▸ The task:
Excluding pictures, retype the line with "LOEWE Shiny Nappa" and each line that follows it to the end of the data below, word for word.

▸ Provided data:
◆ ◆ ◆ ◆ ◆

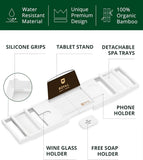 ROYAL CRAFT WOOD Bathtub Tray Caddy for Tub, Bamboo Bath Shelf, Premium Foldable Wood Bath Table, Expandable Bathtub &amp; Bathroom Accessories, New Home Gifts for Mom, Housewarming, Anniversary, Wedding - Homesidy.com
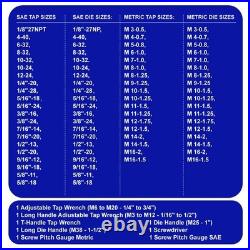 86 PCS Tap and Die Set, SAE and Metric Standard, Large Tap and Die Set with H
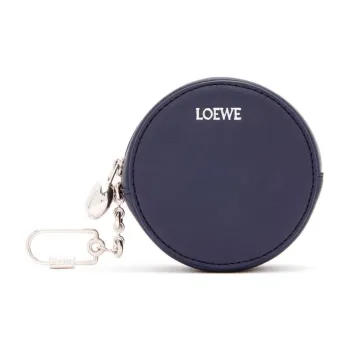 LOEWE Shiny Nappa Calfskin Small Round Bag Key Pouch Women's Abyss Blue
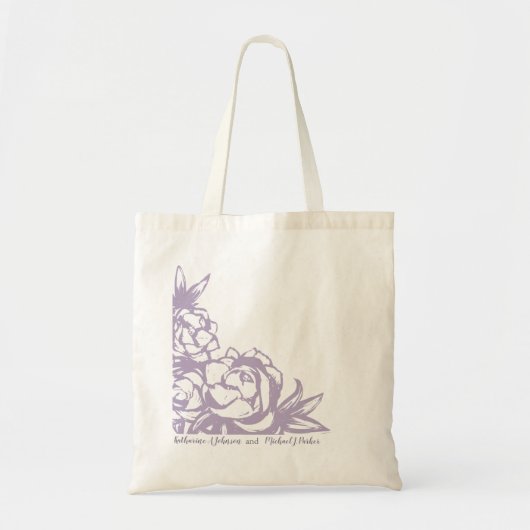 Romantic Lavender Peonies Wedding Canvas tas (Voorkant)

◆ ◆ ◆ ◆ ◆

▸ Result of the exercise:
 LOEWE Shiny Nappa Calfskin Small Round Bag Key Pouch Women's Abyss Blue
 Romantic Lavender Peonies Wedding Canvas tas (Voorkant)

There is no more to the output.